[Dataset]
*-*-*
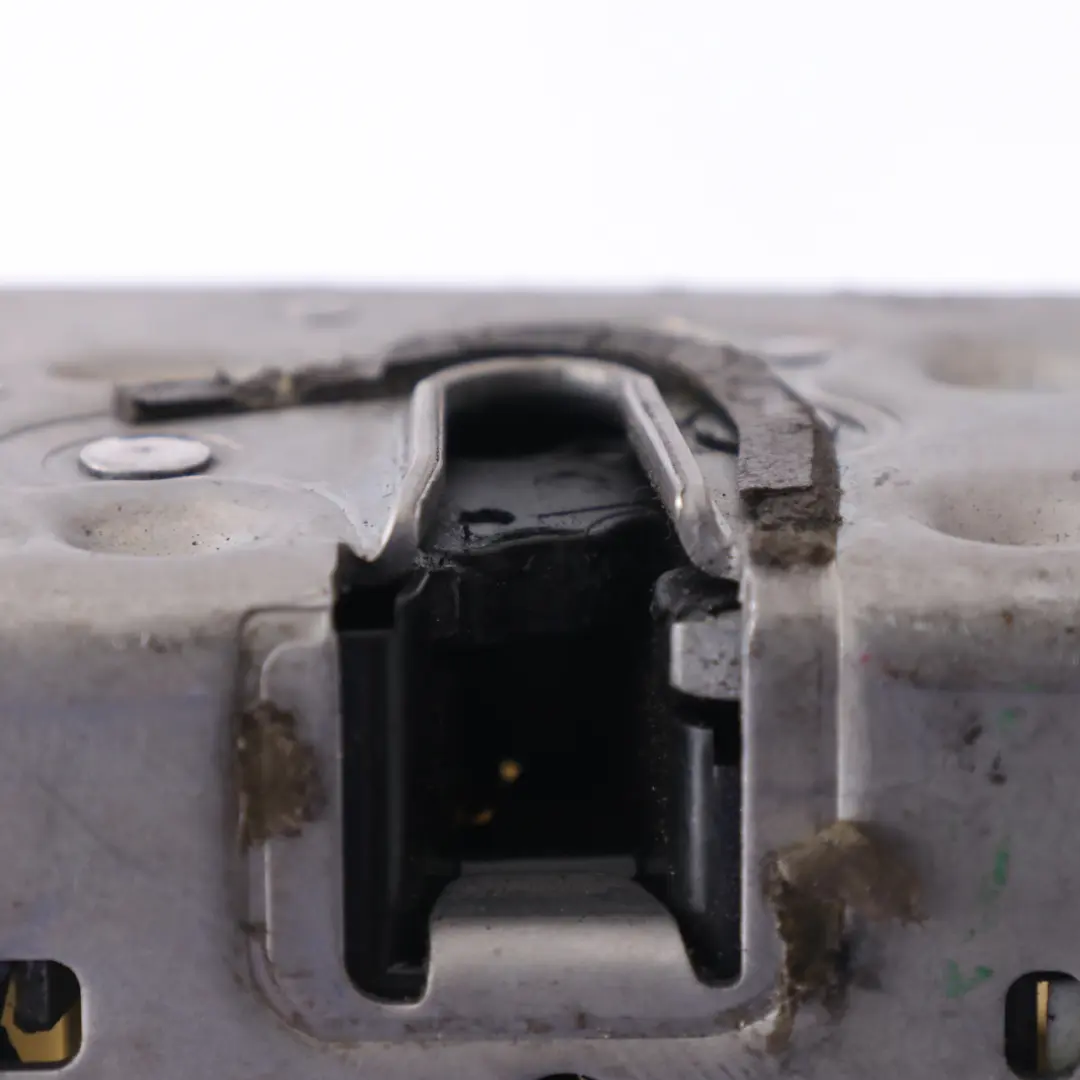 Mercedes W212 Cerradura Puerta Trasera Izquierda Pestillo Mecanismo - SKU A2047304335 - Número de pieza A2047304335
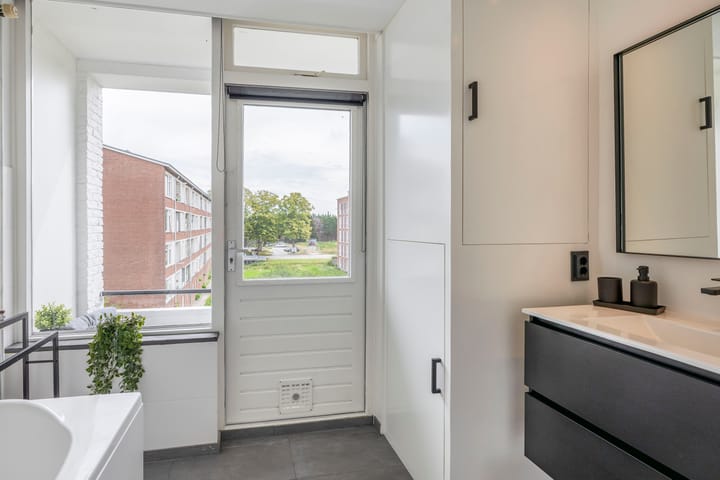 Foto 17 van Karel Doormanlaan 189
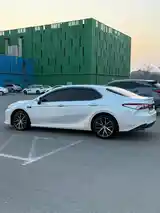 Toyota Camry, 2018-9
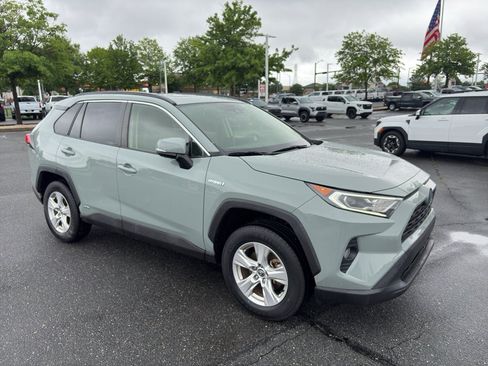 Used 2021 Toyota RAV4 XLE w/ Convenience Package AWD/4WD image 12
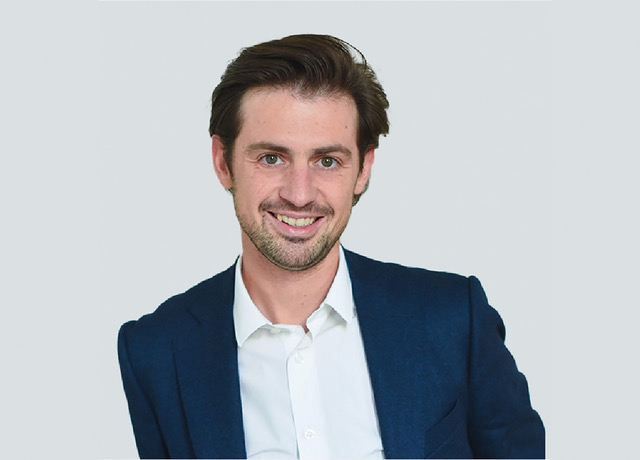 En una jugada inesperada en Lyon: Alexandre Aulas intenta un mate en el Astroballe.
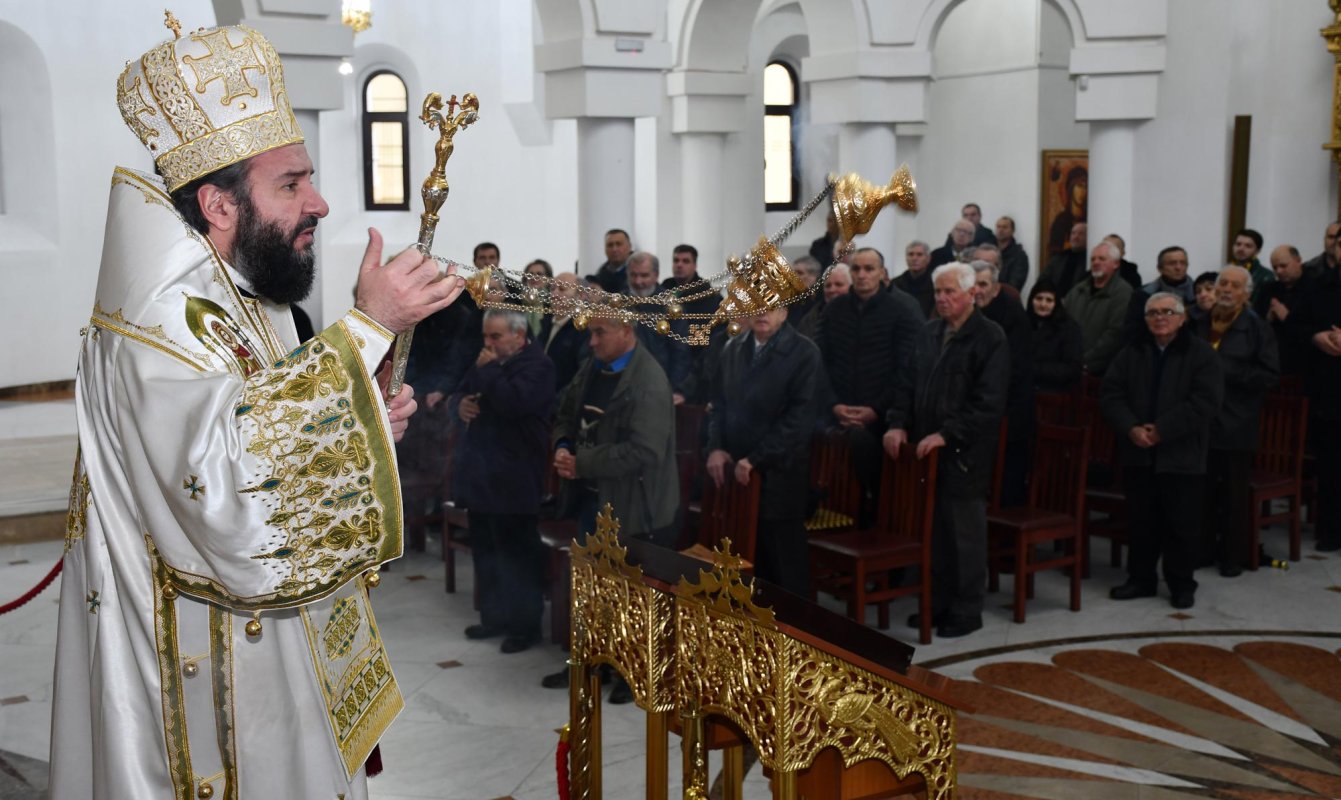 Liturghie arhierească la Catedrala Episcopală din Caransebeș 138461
*-*-*
[The problem] Please return exactly, and only, the lines from the one containing "En una jugada" through the end of the records, with both end lines kept and every picture dropped.

[Reply]
 En una jugada inesperada en Lyon: Alexandre Aulas intenta un mate en el Astroballe.
 Liturghie arhierească la Catedrala Episcopală din Caransebeș 138461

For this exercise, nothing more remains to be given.